▶ _DATASET EXTRACT_
============

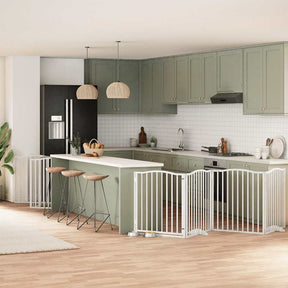 Varteliai šunims su durimis, 9 segmentai, 450cm, tuopos mediena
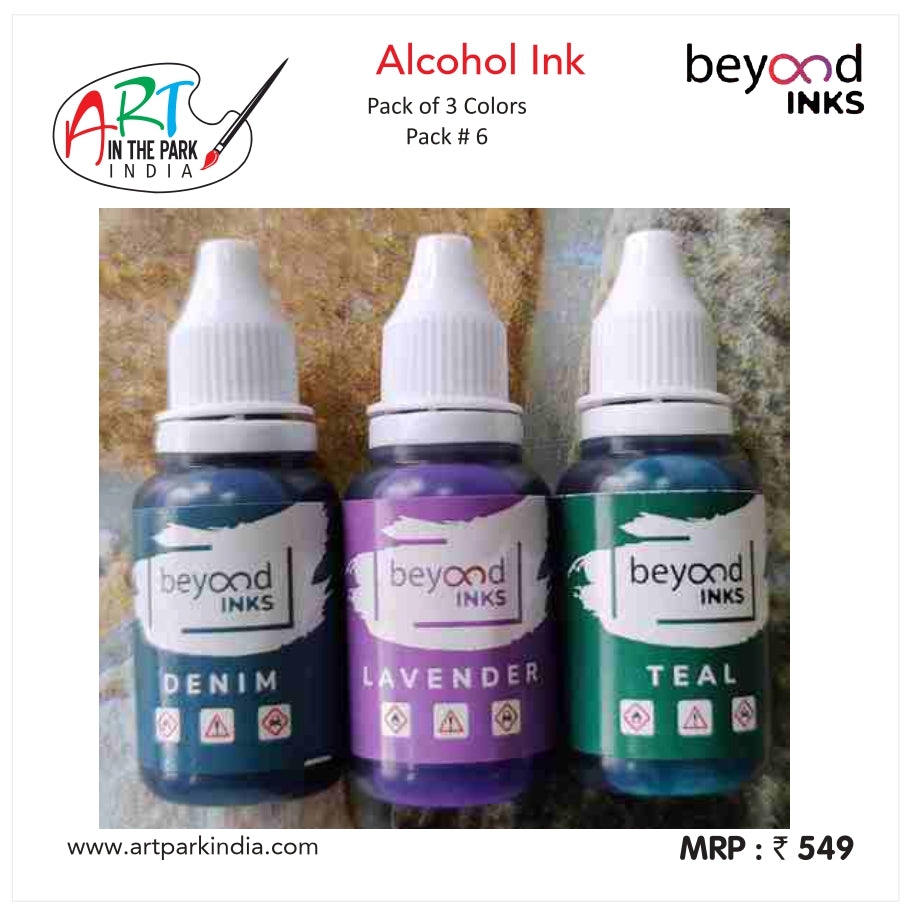 BEYOND INKS ALCOHOL INK PACK OF 3 (PACK -6)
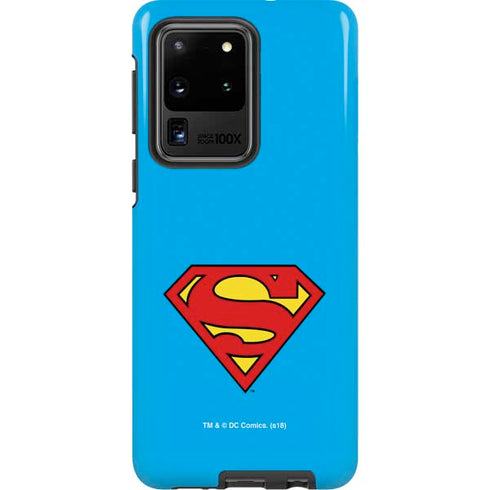 DC Comics Superman Official Logo Galaxy S20 Ultra 5G Pro Case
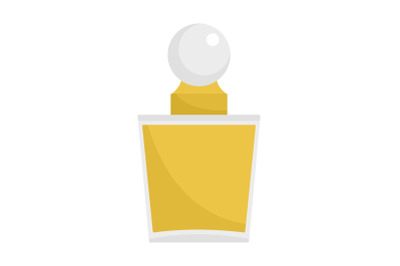 French perfume icon, flat style
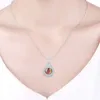 Fashion Mood Change color Temperature sensitive necklaces For Women Opal Gemstone Pendant chains Emotion Wedding Jewelry Gift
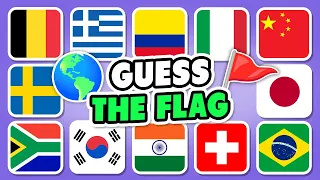 🚩 Guess the Country by the Flag 🌎🧠 | Easy, Medium, Hard, Impossible 🤯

============

When the line that holds "BEYOND INKS ALCOHOL INK PACK OF 3 (PACK -6)" is reached, begin duplicating exactly, and continue through the last line of the listing, skipping the pictures; output nothing else.

▶ _EXPECTED ANSWER_
 BEYOND INKS ALCOHOL INK PACK OF 3 (PACK -6)
 DC Comics Superman Official Logo Galaxy S20 Ultra 5G Pro Case
 French perfume icon, flat style
 Fashion Mood Change color Temperature sensitive necklaces For Women Opal Gemstone Pendant chains Emotion Wedding Jewelry Gift
 🚩 Guess the Country by the Flag 🌎🧠 | Easy, Medium, Hard, Impossible 🤯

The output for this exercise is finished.